◆ **TASK TO COMPLETE**
Pictures in the listing do not belong in the copy, which should repeat exactly the lines from the one holding "Sous l eau - Maupiti" through the last line.

◆ **COLLECTED MATERIAL**
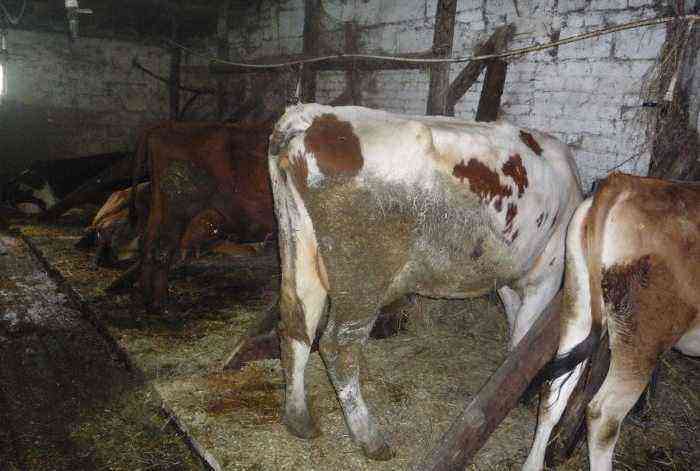 Endometritis in Cows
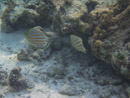 Sous l eau - Maupiti - Copyright : See Otherwise 2012 - 2026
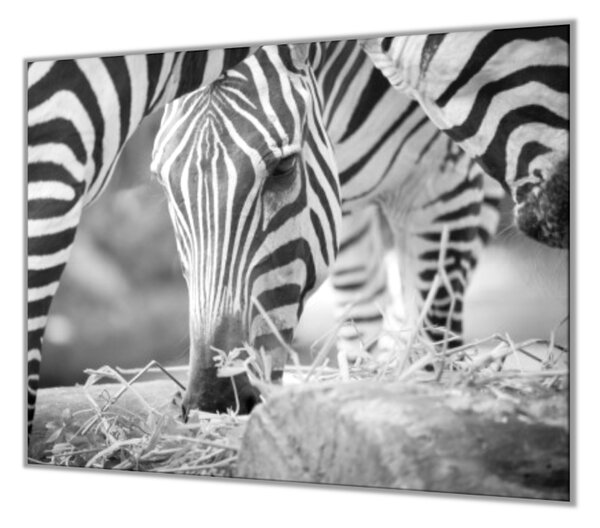 Ochranná deska s motivem černobílá zebra - 60x60cm / Bez lepení na zeď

◆ **ANSWER SPACE**
 Sous l eau - Maupiti - Copyright : See Otherwise 2012 - 2026
 Ochranná deska s motivem černobílá zebra - 60x60cm / Bez lepení na zeď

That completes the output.